Recorded data: Begin

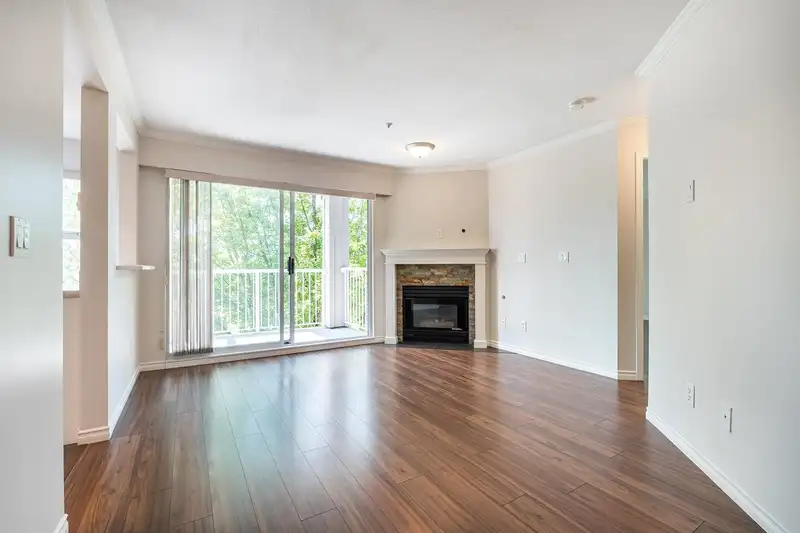 302 135 ELEVENTH STREET - photo 1 of 39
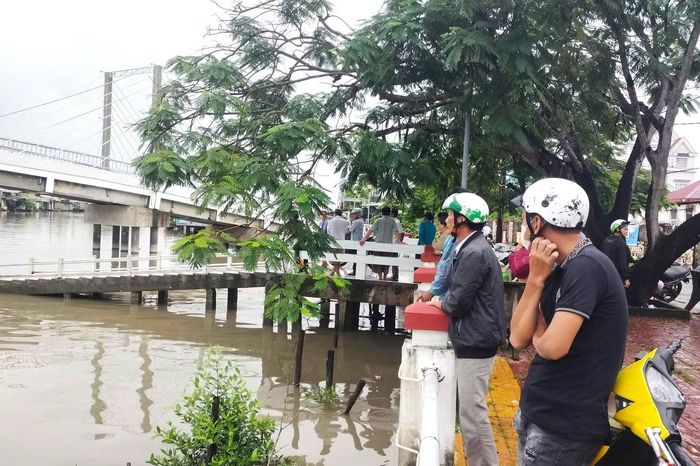 Trong quá trình thi công, đông đảo người dân sinh sống hai bên bờ cầu tập trung theo dõi việc căn chỉnh nhịp cầu trở lại vị trí ban đầu. Chiều 26/10, sà lan chở theo cẩu và vật tư xây dựng khi lưu thông qua cầu chữ S đã va phải nhịp giữa của cầu, làm nhịp giữa bị xô lệch khỏi vị trí ban đầu trên mố cầu khoảng 70 cm.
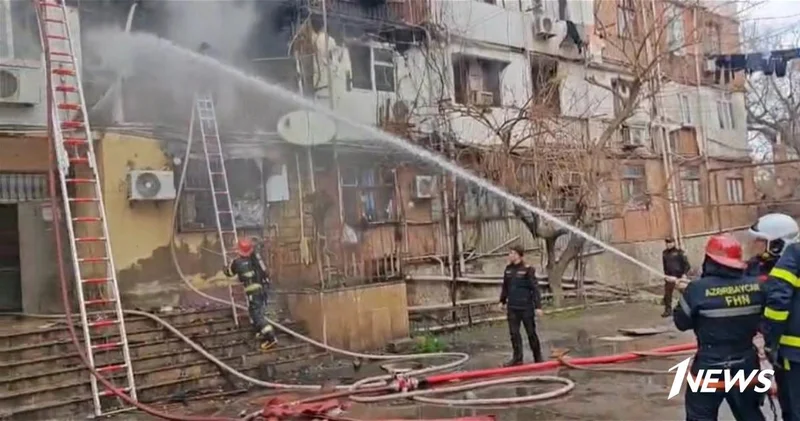 В Баку потушен пожар в жилом здании ФОТО ВИДЕО ОБНОВЛЕНО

Recorded data: End

- **Task details**
Transcribe the data verbatim. No picture belongs in the result.

- **Solution to the problem**
 302 135 ELEVENTH STREET - photo 1 of 39
 Trong quá trình thi công, đông đảo người dân sinh sống hai bên bờ cầu tập trung theo dõi việc căn chỉnh nhịp cầu trở lại vị trí ban đầu. Chiều 26/10, sà lan chở theo cẩu và vật tư xây dựng khi lưu thông qua cầu chữ S đã va phải nhịp giữa của cầu, làm nhịp giữa bị xô lệch khỏi vị trí ban đầu trên mố cầu khoảng 70 cm.
 В Баку потушен пожар в жилом здании ФОТО ВИДЕО ОБНОВЛЕНО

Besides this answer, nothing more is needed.